◆ MATERIAL PROVIDED ◆
=== Begin Enclosure ===

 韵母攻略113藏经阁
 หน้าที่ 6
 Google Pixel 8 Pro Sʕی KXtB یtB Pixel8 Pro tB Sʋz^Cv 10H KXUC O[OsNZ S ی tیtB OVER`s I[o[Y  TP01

=== End Enclosure ===

◆ EXERCISE DESCRIPTION ◆
Transcribe the material above in full, keeping each word unchanged.

◆ TASK RESPONSE ◆
 韵母攻略113藏经阁
 หน้าที่ 6
 Google Pixel 8 Pro Sʕی KXtB یtB Pixel8 Pro tB Sʋz^Cv 10H KXUC O[OsNZ S ی tیtB OVER`s I[o[Y  TP01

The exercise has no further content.